• [TASK INSTRUCTIONS]: Check every line below for the word "four" and show those that hold it.

[[ DATA FOR THIS EXERCISE open ]]

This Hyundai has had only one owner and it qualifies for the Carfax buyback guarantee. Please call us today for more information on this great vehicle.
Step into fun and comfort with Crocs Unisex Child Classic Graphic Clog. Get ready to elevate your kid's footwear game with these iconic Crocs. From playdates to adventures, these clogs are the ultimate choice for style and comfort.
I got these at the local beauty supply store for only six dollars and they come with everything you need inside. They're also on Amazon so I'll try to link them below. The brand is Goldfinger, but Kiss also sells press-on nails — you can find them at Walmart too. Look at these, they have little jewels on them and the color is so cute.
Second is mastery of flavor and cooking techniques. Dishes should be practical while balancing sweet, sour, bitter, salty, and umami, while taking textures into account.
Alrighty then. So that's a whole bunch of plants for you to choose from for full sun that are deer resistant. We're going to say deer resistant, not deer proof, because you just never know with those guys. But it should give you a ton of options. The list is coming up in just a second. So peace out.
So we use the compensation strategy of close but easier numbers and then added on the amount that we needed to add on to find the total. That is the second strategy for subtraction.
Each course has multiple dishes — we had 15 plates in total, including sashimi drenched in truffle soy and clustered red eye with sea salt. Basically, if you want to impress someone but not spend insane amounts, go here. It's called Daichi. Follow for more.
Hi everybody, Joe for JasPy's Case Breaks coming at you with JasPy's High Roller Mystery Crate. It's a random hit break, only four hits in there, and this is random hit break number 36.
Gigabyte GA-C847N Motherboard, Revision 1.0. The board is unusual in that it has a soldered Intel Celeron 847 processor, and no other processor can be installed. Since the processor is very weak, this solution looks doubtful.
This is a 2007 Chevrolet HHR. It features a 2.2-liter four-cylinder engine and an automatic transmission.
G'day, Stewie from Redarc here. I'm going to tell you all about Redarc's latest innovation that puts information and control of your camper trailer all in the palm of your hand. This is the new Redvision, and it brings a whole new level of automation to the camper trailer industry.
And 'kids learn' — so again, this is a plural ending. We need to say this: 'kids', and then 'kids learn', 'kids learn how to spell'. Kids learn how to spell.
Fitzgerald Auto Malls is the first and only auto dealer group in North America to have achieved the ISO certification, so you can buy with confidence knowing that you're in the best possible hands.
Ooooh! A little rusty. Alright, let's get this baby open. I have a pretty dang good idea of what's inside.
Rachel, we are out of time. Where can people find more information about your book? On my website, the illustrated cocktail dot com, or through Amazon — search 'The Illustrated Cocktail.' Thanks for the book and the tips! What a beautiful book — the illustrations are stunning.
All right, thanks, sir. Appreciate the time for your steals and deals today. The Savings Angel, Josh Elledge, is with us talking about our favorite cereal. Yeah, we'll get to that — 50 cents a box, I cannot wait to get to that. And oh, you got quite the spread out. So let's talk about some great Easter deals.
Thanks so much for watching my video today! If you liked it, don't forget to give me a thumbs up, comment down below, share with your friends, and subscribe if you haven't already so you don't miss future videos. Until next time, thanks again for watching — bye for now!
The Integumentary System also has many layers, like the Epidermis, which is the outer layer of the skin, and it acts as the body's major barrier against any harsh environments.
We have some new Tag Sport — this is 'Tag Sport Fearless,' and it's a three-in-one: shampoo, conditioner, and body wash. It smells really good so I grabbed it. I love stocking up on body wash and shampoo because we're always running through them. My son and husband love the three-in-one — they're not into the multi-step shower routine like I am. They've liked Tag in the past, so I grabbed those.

[[ DATA FOR THIS EXERCISE closed ]]

• [FINAL ANSWER]:
Hi everybody, Joe for JasPy's Case Breaks coming at you with JasPy's High Roller Mystery Crate. It's a random hit break, only four hits in there, and this is random hit break number 36.
This is a 2007 Chevrolet HHR. It features a 2.2-liter four-cylinder engine and an automatic transmission.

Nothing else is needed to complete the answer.